И это — отнюдь не метафорическая ассоциация и уж тем более не риторический прием. В данном случае Стрельников вообще ни о какой риторике не думает, он предельно откровенен (так же, впрочем, как и «оппонирующий» ему Живаго). Слова о «страшном суде» указывают на то, что революцию комиссар воспринимает именно как апокалипсис, но — земной, так сказать, апокалипсис без Христа[6]. Выявленная И. Смирновым маркированная отсылка к «Братьям Карамазовым» выполняет двойную функцию. С одной стороны, она выявляет параллели:

«Стрельников ↔ Великий Инквизитор»

и

«допрос Живаго ↔ допрос Христа», —

перерастающие в своего рода метатекстуальный троп; с другой — дополнительно акцентирует и без того явную условность диалога героев-антагонистов. Совершенно неважно, где происходит действие (вагон у Пастернака — точно такая же «декорация», как и трактир у Достоевского, где Иван Карамазов пересказывает Алеше свою «поэму»).
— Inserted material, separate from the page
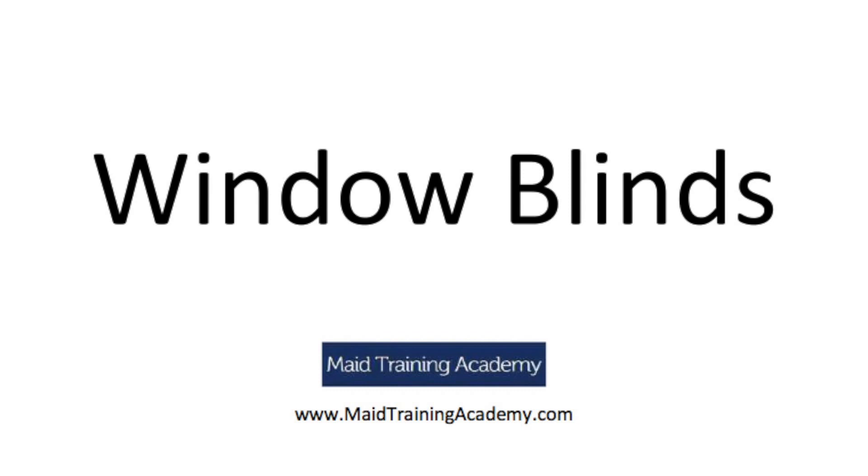Welcome to another Maid Training Academy video. Maid Training Academy provides online classes to become a certified professional cleaner for as little as $200. As a certified professional cleaner, you will learn how to deal with hundreds of different conditions, situations, and ways to clean a house. Watching these videos is not a substitute for certification because they only show you a few conditions and situations. For more information about course topics and enrollment, visit maidtrainingacademy.com.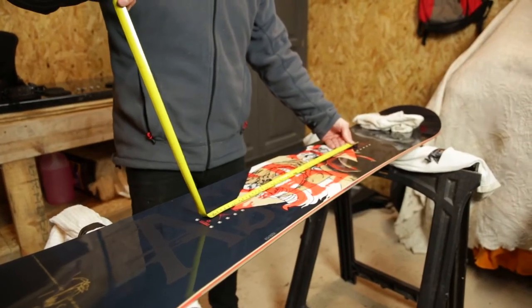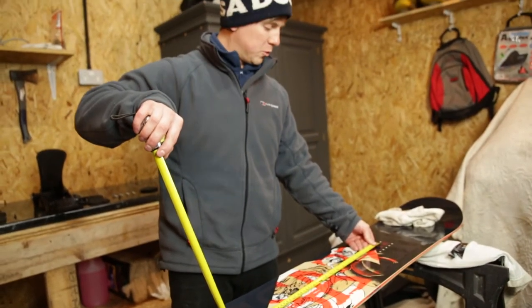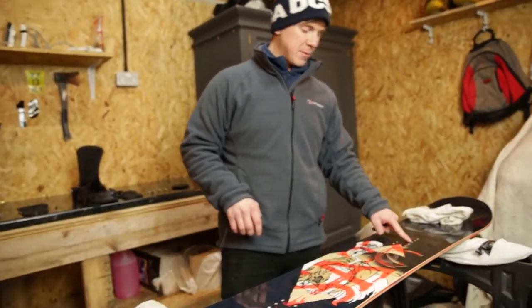It's actually 21 and a half inches, same as my old board. They've got all the marks there for the bindings.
Вряд ли какой-либо из реально существовавших комиссаров времен Революции и Гражданской войны, допрашивая арестованного, говорил так отвлеченно и с таким пафосом ссылался на Апокалипсис…

Понятно, что сцену допроса нужно рассматривать не с точки зрения ее соответствия/несоответствия жизненной — т. е. исторической — реальности, а в контексте эстетико-философс­кой концепции Пастернака, который в данном эпизоде (да и в ряде других эпизодов и повествовательных линий романа), соотнося свой художественный мир с художественным миром Достоевского, явно исходит из принципа полифонического диалогизма[7]. Герой Достоевского, по Бахтину, это «полновесное слово, чистый голос; мы его не видим, мы его слышим; все же, что мы видим и знаем, помимо его слова, не существенно и поглощается словом»[8]. В полифониическом романе наличествуют два основных диалогических плана: 1) внешний, вербальный (словесно оформленный диалог, имеющий непосредственное отношение к фабуле произведения, как бы порождаемый ей), и 2) внефабульный, идеологический (внутренняя — в том числе и «невербальная» — речь, мышление, вообще все, что входит в сферу «чистой», необъективируемой идеологии, того самого «полновесного слова», о котором говорит Бахтин). Эти планы не автономны; они взаимодействуют между собой. Особенно интересны случаи взимоперехода, интерференции, когда сквозь внешний, обусловленный событийными реалиями диалог вдруг начинает проступать диалог подлинный, вне-событийный. Смолкает человек — заговаривает идея, выразителем которой он является. Во время беседы Алеши и Ивана в трактире это происходит не раз. Диалог же Великого инквизитора и Христа практически полностью выходит за рамки фабулы «поэмы». А в том, что это именно диалог, мы ни на минуту не сомневаемся, хотя формально перед нами лишь монолог инквизитора. Уклоняется от спора и Живаго. В определенном смысле его лаконичный ответ Стрельникову также является молчанием (столь же диалогически-интенциональным, как и молчание Христа):

«— Я знаю все, что вы обо мне думаете. Со своей стороны вы совершенно правы. Но спор, в который вы хотите втянуть меня, я мысленно веду всю жизнь с воображаемым обвинителем и, надо думать, имел время прийти к какому-то заключению. В двух словах этого не скажешь. Позвольте мне удалиться без объяснений, если я действительно свободен, а если нет — распоряжайтесь мною. Оправдываться мне перед вами не в чем» (IV, 252).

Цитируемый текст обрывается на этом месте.